## [Problem requirements]
If a line in the entries below includes "Wall", pick it out and copy it.

## [Recorded data]
##############################

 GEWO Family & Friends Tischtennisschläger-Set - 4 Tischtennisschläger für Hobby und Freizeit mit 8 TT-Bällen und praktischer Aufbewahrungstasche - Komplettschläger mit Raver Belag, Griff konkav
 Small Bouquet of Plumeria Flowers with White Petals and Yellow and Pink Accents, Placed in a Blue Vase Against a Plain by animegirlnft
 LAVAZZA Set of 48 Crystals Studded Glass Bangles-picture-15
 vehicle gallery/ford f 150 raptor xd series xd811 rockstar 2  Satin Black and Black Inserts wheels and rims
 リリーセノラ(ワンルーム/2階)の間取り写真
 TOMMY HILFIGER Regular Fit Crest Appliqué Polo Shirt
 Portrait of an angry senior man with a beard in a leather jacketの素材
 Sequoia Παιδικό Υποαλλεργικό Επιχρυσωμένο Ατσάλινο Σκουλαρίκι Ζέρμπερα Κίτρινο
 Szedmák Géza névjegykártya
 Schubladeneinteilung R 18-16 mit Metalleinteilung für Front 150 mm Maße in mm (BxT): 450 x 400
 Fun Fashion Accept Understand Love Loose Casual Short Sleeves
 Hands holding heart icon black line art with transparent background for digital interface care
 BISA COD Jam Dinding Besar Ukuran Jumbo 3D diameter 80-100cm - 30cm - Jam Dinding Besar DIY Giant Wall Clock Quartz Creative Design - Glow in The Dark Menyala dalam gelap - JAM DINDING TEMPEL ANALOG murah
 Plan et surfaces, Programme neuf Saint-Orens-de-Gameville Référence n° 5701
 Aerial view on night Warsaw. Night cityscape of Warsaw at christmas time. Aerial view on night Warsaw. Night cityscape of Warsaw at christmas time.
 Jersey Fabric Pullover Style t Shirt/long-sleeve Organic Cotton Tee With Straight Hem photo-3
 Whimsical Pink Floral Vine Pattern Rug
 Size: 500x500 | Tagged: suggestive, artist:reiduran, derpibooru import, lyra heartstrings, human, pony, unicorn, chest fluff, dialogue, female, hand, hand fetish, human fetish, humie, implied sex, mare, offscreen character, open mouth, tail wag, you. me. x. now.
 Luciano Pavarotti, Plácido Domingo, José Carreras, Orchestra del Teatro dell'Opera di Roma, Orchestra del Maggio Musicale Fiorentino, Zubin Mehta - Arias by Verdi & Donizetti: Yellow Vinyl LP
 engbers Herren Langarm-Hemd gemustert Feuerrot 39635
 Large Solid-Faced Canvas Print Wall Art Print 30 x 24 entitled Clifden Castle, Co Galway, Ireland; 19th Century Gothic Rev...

##############################

## [Solution to this problem]
 BISA COD Jam Dinding Besar Ukuran Jumbo 3D diameter 80-100cm - 30cm - Jam Dinding Besar DIY Giant Wall Clock Quartz Creative Design - Glow in The Dark Menyala dalam gelap - JAM DINDING TEMPEL ANALOG murah
 Large Solid-Faced Canvas Print Wall Art Print 30 x 24 entitled Clifden Castle, Co Galway, Ireland; 19th Century Gothic Rev...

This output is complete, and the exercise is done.